8 June 2020

Wandsworth Council - cynical rejection

A friend of Mr Mustard parked where the above sign is to be found in Replingham Road. SW18. Let us call him Mr P. He runs a business and drives all over London most weekdays to supervise the progress of various works. He isn't computer literate although does have a smart phone and his preference is for paying at the meter. Mr P generally pays when he should pay.

At this location, there wasn't a meter to pay at and so payment was not made and a PCN was the resultant outcome.

Mr Mustard made a simple challenge:

'There wasn't a parking meter in the direction of the arrow shown on the sign.'

Simple enough for the council to show there was a meter or to cancel the PCN, one would think? Er, no.

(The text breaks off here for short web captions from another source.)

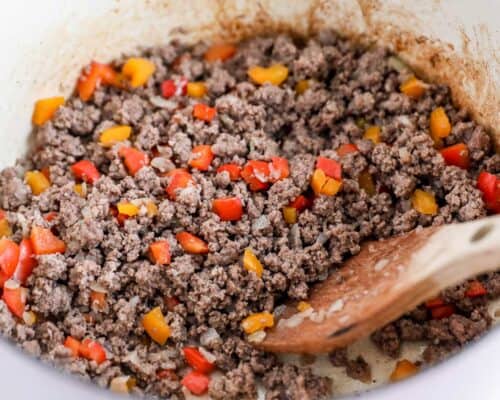 cooking hamburger and peppers in pan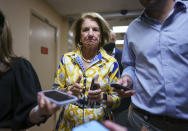 Sen. Shelley Moore Capito, R-W.Va., speaks to reporters as intense negotiations continue to salvage a bipartisan infrastructure deal, at the Capitol in Washington, Tuesday, July 27, 2021. (AP Photo/J. Scott Applewhite)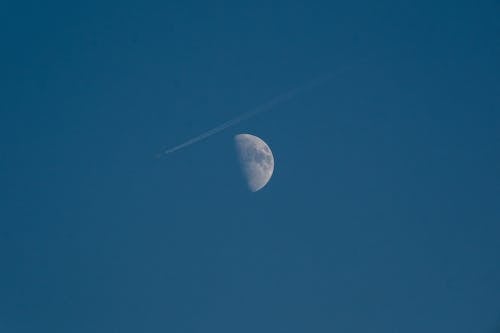 An Airplane Passing the Moon in the Sky 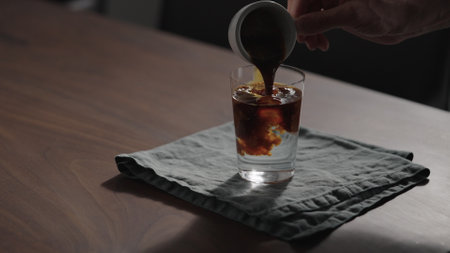 making espresso tonic in tumbler glass on walnut tableの写真素材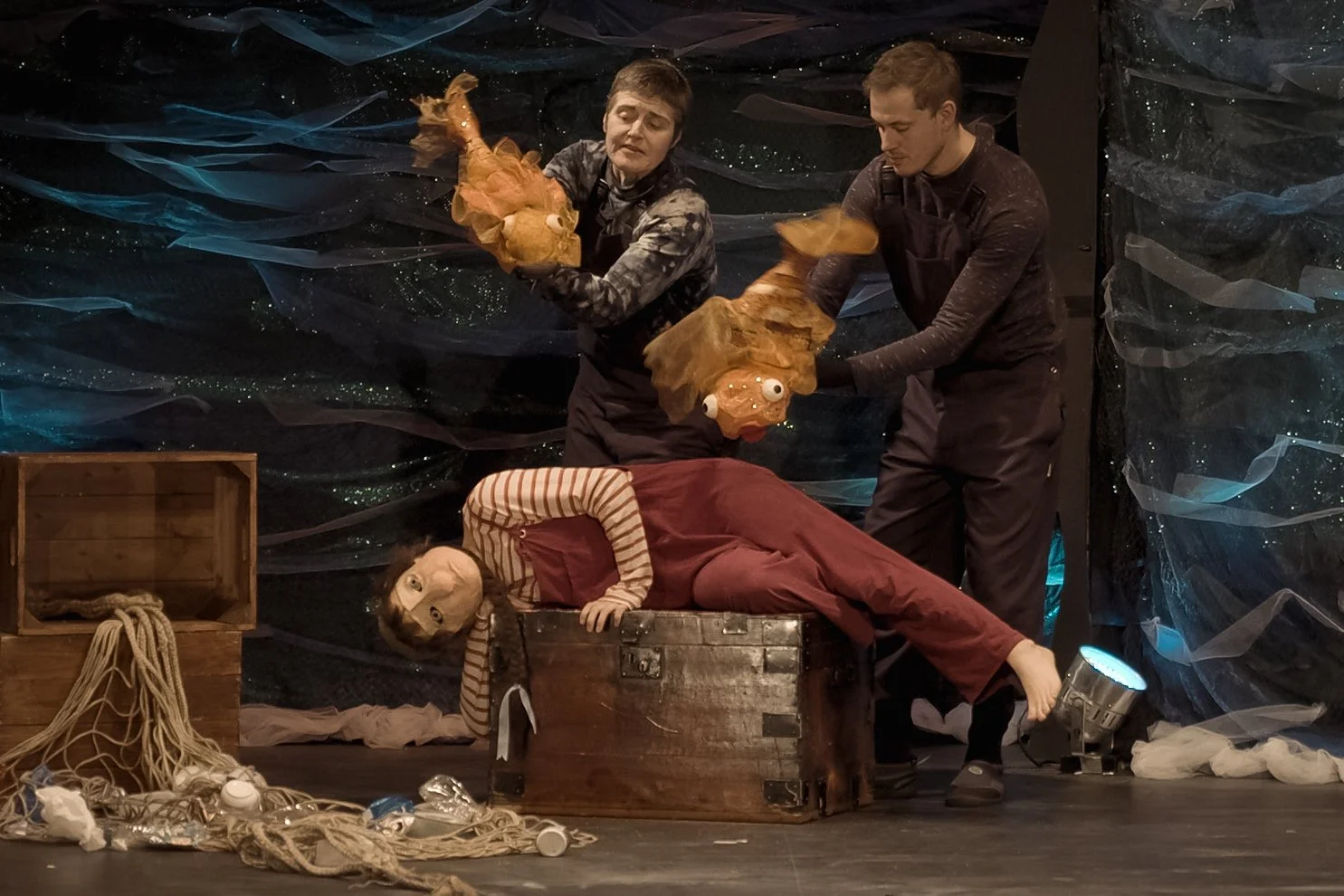 People performing with puppets that have large eyes and orange hair, one puppet lying in a chest and others being manipulated, on a stage with a dark, textured backdrop, scattered ropes and props.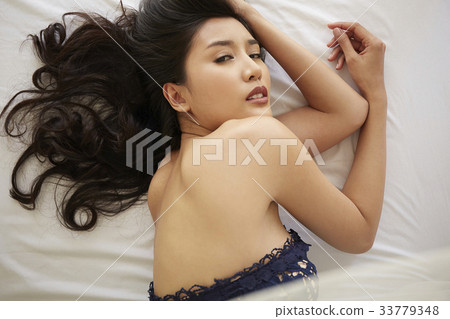 photo of a woman lying on a bed and looking at camera. 33779348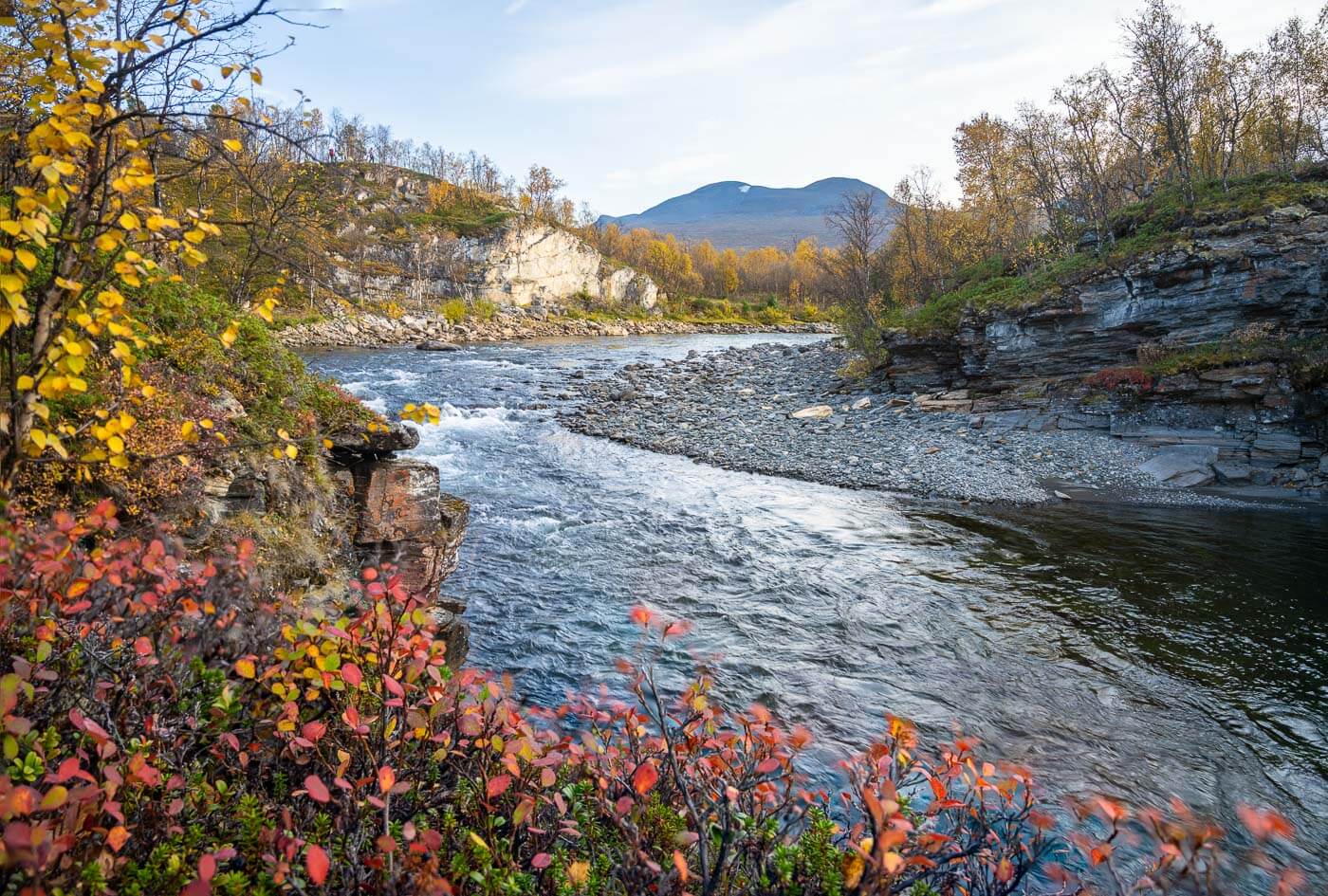 Photo of the Abiskojokk river taken during a hike on the Njakajaure Trail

The writer may well have been satisfied, self evidently easily satisfied, but Mr Mustard wasn't. What was missing from the reply? Yes, a statement of the location of a parking meter.

Is a wraparound sticker on a pole good enough? It is a sticker which Mr Mustard didn't notice initially, because the Traffic Signs Regulations and General Directions 2016 do not sanction stickers as a valid sign format, so it is of zero legal validity.

There was a bit of a dire warning on the next page of the letter that you are risking having to pay an extra £55 if you fight on and lose.

Mr Mustard laughed and carried on, by waiting for the Notice to Owner to reach the keeper. He had made the informal challenge in his own name as anyone can challenge a PCN placed on a vehicle, as he might have been the driver on the day. Mr P told Mr Mustard once he received the Notice to Owner and so the 'formal representations' were duly made in the name of Mr P, as they have to be, ('formal representations' doesn't mean that you need to get out parchment and a quill pen, it just means they are the challenge by the keeper in response to the Notice to Owner). You may recognise the representations from the informal, PCN, stage.

'There wasn't a parking meter in the direction of the arrow shown on the sign.'

Consistency pays once you reach the tribunal, if you do. A month after the making of the formal representations, Wandsworth Council responded:


The first paragraph is a waste of time, everyone knows what the PCN was issued for but councils just can't stop trying to justify their actions even when they are plain wrong.

The second paragraph recognised what Mr Mustard knew was fact in the first place. What it does do is make the first rejection look like a cynical attempt to obtain payment for a PCN when the council had removed the meter and not updated the bay sign to reflect the fact that the only method of payment which was possible was by using a telephone. It was dishonest of them and many a motorist not represented by Mr Mustard would have paid up. Mr Mustard suggests that you never accept what a council says at face value but stress test it instead and use the internet to help you. Free help is always available for all sorts of problems with authority at PePiPoo. The link is to the council PCN forum but there are others for speeding and private parking charges etc. things that Mr Mustard does not involve himself in.

The signs in Wandsworth should all be changed, it isn't like they don't make millions out of parking tickets, they have a duty to erect signs which accord with Traffic Management Orders. Mr Mustard thinks he had better send a complaint to the Chief Executive.